**What the task requires:**
Go through the entries below and collect each line with the string "April" in it.

::::::

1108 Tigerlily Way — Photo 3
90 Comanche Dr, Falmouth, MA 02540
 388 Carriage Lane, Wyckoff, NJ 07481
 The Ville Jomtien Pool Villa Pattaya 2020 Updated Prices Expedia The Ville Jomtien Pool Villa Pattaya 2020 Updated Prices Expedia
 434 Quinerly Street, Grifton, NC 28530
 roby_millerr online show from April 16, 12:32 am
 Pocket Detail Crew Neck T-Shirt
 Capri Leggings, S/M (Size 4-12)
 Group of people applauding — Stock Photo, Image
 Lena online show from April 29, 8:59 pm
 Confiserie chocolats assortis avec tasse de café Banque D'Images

::::::

**Answer for the task:**
 roby_millerr online show from April 16, 12:32 am
 Lena online show from April 29, 8:59 pm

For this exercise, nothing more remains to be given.